» Try it: Reproduce word for word, from the entries below, the line with "Screenshot of the", the line with "Sunset adesivos Menor", and every line between them, and nothing more.

(Stored data)
####################

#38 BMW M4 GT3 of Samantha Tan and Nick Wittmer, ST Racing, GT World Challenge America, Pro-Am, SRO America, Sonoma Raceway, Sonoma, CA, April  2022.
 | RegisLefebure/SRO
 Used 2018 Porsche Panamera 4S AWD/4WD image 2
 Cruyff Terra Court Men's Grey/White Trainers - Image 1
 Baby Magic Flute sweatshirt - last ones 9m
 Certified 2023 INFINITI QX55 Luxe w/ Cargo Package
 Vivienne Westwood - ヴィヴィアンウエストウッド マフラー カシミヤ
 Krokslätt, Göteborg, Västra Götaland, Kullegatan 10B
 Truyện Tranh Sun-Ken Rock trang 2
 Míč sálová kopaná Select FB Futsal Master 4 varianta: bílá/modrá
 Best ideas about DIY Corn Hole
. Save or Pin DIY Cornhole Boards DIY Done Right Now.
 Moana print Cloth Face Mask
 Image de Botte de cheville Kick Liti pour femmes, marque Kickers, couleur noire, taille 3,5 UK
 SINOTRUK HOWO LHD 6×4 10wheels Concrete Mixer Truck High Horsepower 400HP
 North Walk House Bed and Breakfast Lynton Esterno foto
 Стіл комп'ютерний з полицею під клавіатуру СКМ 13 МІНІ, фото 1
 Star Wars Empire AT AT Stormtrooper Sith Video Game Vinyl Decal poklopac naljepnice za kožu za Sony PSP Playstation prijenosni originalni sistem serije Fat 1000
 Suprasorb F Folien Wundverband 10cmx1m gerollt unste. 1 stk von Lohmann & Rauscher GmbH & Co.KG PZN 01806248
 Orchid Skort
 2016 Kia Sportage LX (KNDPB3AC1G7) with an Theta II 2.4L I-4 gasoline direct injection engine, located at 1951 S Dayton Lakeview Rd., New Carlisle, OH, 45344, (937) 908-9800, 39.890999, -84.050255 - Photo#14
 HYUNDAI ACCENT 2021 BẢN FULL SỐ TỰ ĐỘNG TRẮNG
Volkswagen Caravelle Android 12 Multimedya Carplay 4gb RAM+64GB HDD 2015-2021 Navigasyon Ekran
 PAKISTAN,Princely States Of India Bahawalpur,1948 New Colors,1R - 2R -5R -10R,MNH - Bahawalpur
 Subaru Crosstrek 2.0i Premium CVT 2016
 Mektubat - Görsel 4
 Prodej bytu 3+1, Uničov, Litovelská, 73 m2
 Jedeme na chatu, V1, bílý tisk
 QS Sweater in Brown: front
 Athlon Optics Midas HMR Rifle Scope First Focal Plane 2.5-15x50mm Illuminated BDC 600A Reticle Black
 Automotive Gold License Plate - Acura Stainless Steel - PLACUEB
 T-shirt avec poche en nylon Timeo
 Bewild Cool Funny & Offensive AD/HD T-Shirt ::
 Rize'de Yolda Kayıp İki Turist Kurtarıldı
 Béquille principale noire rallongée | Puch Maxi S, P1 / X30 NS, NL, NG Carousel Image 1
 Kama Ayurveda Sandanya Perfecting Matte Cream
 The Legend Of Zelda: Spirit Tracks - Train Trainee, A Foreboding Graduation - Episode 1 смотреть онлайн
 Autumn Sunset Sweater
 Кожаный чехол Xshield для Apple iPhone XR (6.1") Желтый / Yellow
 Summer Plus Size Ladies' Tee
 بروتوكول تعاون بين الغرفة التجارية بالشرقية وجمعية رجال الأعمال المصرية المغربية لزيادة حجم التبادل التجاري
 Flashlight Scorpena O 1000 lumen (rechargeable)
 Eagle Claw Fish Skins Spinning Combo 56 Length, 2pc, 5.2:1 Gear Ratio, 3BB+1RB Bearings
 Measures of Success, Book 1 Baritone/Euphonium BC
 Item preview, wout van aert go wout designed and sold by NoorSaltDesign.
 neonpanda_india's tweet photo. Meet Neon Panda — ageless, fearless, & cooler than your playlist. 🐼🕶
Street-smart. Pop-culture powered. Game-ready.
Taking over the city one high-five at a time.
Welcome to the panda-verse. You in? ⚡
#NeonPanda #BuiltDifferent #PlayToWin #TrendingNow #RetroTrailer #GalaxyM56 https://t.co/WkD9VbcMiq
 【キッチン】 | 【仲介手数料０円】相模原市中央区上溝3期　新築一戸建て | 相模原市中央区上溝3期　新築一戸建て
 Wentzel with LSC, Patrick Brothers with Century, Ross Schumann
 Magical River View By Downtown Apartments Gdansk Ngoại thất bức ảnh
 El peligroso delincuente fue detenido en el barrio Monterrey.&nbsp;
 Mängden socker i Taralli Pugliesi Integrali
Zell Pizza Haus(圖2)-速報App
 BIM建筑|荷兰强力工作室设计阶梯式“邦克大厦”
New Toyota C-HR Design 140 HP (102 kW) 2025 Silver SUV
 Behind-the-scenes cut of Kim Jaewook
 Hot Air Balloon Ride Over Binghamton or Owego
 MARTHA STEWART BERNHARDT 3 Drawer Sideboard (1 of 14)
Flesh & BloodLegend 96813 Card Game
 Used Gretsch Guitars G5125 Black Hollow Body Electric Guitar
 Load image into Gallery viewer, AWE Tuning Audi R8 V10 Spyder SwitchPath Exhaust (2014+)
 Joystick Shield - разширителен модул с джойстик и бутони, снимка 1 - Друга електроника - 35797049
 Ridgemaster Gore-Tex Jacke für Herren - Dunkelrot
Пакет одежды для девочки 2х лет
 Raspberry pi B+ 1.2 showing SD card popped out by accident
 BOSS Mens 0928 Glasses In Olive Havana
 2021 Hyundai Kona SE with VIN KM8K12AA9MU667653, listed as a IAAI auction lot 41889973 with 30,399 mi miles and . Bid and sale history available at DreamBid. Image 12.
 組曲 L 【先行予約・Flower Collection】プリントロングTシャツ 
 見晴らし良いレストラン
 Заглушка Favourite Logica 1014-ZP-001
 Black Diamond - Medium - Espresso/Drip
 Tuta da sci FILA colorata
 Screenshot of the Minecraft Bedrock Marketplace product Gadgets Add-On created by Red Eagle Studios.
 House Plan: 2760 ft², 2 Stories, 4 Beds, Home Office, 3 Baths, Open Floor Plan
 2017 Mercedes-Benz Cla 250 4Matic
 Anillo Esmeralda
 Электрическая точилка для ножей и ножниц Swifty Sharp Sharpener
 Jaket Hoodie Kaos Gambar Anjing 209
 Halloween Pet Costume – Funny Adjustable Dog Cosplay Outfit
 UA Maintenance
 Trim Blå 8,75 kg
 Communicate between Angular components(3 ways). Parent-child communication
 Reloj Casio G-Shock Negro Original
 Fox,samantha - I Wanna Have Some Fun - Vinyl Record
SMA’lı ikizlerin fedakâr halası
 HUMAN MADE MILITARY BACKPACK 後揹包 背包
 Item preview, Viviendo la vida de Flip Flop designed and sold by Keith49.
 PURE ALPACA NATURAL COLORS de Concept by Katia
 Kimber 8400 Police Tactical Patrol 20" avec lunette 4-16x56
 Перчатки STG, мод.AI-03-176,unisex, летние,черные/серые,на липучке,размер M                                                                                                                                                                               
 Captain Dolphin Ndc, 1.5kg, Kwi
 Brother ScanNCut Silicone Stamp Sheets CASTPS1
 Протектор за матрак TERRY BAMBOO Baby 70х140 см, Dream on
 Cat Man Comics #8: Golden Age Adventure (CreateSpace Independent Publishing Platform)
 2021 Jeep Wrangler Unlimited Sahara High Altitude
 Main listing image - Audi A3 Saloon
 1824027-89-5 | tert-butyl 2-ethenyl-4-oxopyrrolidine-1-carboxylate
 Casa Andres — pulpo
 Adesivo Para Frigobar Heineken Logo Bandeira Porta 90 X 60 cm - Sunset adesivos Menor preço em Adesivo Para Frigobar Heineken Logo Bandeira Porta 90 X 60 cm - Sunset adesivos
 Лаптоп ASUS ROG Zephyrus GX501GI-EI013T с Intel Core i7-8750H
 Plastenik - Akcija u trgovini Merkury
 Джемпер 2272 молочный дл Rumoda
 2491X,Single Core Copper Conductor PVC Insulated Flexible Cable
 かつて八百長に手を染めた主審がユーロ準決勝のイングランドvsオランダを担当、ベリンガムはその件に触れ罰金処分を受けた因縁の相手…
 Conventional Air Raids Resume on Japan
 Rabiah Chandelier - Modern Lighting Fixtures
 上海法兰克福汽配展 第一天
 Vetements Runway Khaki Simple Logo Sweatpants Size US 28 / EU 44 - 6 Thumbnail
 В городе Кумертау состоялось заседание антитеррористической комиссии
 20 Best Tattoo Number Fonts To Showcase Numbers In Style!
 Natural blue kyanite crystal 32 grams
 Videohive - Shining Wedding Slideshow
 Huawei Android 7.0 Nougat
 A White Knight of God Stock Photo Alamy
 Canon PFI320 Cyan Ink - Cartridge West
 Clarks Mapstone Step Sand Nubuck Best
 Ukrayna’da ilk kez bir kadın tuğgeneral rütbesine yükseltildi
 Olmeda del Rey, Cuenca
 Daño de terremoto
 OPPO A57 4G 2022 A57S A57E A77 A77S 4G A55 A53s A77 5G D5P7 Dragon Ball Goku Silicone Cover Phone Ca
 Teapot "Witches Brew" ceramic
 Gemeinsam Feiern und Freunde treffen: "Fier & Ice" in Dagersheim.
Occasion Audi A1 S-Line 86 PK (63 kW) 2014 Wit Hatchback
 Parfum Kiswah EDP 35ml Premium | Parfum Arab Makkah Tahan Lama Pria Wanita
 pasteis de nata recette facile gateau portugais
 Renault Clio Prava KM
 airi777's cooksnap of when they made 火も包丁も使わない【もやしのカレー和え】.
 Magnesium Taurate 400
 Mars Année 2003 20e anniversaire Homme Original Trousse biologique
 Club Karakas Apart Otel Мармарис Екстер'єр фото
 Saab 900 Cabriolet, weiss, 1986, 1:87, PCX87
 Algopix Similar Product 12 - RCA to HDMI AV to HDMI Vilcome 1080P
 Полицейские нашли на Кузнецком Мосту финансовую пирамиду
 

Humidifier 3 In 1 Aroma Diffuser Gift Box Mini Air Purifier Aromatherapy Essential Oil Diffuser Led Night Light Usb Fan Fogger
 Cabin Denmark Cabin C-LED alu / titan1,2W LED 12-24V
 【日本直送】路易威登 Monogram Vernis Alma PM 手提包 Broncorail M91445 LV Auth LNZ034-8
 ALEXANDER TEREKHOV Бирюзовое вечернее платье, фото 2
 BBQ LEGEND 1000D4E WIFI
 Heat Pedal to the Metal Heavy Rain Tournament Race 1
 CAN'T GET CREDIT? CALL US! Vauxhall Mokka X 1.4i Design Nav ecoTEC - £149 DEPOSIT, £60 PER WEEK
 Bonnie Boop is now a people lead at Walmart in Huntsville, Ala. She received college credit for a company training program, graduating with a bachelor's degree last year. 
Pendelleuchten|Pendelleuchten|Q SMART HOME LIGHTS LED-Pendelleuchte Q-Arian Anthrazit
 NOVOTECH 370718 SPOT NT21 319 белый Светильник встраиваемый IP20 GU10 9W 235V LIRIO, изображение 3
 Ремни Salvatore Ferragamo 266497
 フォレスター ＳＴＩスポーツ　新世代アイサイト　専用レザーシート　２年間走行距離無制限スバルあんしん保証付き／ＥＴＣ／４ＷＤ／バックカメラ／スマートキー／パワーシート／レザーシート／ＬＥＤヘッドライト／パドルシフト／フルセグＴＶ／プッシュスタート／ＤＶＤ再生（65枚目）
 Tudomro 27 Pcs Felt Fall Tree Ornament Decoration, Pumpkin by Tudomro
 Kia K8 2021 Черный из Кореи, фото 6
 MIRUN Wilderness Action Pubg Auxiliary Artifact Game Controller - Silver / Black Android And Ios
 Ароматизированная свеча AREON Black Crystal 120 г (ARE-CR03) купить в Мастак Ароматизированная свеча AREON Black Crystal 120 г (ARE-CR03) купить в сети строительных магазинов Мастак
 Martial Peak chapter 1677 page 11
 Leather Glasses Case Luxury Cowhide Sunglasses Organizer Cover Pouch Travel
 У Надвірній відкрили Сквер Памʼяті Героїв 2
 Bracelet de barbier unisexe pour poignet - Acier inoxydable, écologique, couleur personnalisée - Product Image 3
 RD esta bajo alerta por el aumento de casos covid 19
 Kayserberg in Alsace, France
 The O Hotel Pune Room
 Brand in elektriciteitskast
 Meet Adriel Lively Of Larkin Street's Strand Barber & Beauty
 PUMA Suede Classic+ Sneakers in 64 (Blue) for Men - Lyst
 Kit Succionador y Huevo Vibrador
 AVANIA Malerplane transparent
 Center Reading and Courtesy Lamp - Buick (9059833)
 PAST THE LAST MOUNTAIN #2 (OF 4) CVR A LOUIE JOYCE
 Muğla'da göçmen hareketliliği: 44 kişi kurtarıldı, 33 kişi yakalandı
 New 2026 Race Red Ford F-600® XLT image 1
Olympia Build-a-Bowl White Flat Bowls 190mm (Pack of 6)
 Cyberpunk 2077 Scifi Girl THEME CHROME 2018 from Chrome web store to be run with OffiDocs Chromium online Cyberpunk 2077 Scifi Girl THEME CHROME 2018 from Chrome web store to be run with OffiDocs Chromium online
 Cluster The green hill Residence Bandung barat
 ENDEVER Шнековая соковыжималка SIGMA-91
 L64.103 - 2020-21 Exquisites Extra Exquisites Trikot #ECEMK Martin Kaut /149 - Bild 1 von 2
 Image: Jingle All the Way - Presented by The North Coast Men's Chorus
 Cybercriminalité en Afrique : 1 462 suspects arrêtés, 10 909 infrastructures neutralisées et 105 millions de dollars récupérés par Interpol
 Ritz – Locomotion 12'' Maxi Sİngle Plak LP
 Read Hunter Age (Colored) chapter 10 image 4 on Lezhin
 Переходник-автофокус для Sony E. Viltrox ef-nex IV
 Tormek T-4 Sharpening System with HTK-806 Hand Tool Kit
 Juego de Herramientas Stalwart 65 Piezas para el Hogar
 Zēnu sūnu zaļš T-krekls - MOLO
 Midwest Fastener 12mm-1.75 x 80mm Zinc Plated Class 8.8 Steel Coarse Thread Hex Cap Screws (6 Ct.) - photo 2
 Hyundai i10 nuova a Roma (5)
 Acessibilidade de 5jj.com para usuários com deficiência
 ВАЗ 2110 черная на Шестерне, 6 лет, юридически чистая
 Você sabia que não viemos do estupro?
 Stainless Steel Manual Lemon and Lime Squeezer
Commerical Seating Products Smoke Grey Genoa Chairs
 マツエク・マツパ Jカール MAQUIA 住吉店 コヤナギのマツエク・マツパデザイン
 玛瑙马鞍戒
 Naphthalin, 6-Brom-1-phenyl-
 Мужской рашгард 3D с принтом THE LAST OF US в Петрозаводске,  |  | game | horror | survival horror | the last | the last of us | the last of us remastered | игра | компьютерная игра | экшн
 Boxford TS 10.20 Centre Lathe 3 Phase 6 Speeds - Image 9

####################

» Response area:
 Screenshot of the Minecraft Bedrock Marketplace product Gadgets Add-On created by Red Eagle Studios.
 House Plan: 2760 ft², 2 Stories, 4 Beds, Home Office, 3 Baths, Open Floor Plan
 2017 Mercedes-Benz Cla 250 4Matic
 Anillo Esmeralda
 Электрическая точилка для ножей и ножниц Swifty Sharp Sharpener
 Jaket Hoodie Kaos Gambar Anjing 209
 Halloween Pet Costume – Funny Adjustable Dog Cosplay Outfit
 UA Maintenance
 Trim Blå 8,75 kg
 Communicate between Angular components(3 ways). Parent-child communication
 Reloj Casio G-Shock Negro Original
 Fox,samantha - I Wanna Have Some Fun - Vinyl Record
SMA’lı ikizlerin fedakâr halası
 HUMAN MADE MILITARY BACKPACK 後揹包 背包
 Item preview, Viviendo la vida de Flip Flop designed and sold by Keith49.
 PURE ALPACA NATURAL COLORS de Concept by Katia
 Kimber 8400 Police Tactical Patrol 20" avec lunette 4-16x56
 Перчатки STG, мод.AI-03-176,unisex, летние,черные/серые,на липучке,размер M                                                                                                                                                                               
 Captain Dolphin Ndc, 1.5kg, Kwi
 Brother ScanNCut Silicone Stamp Sheets CASTPS1
 Протектор за матрак TERRY BAMBOO Baby 70х140 см, Dream on
 Cat Man Comics #8: Golden Age Adventure (CreateSpace Independent Publishing Platform)
 2021 Jeep Wrangler Unlimited Sahara High Altitude
 Main listing image - Audi A3 Saloon
 1824027-89-5 | tert-butyl 2-ethenyl-4-oxopyrrolidine-1-carboxylate
 Casa Andres — pulpo
 Adesivo Para Frigobar Heineken Logo Bandeira Porta 90 X 60 cm - Sunset adesivos Menor preço em Adesivo Para Frigobar Heineken Logo Bandeira Porta 90 X 60 cm - Sunset adesivos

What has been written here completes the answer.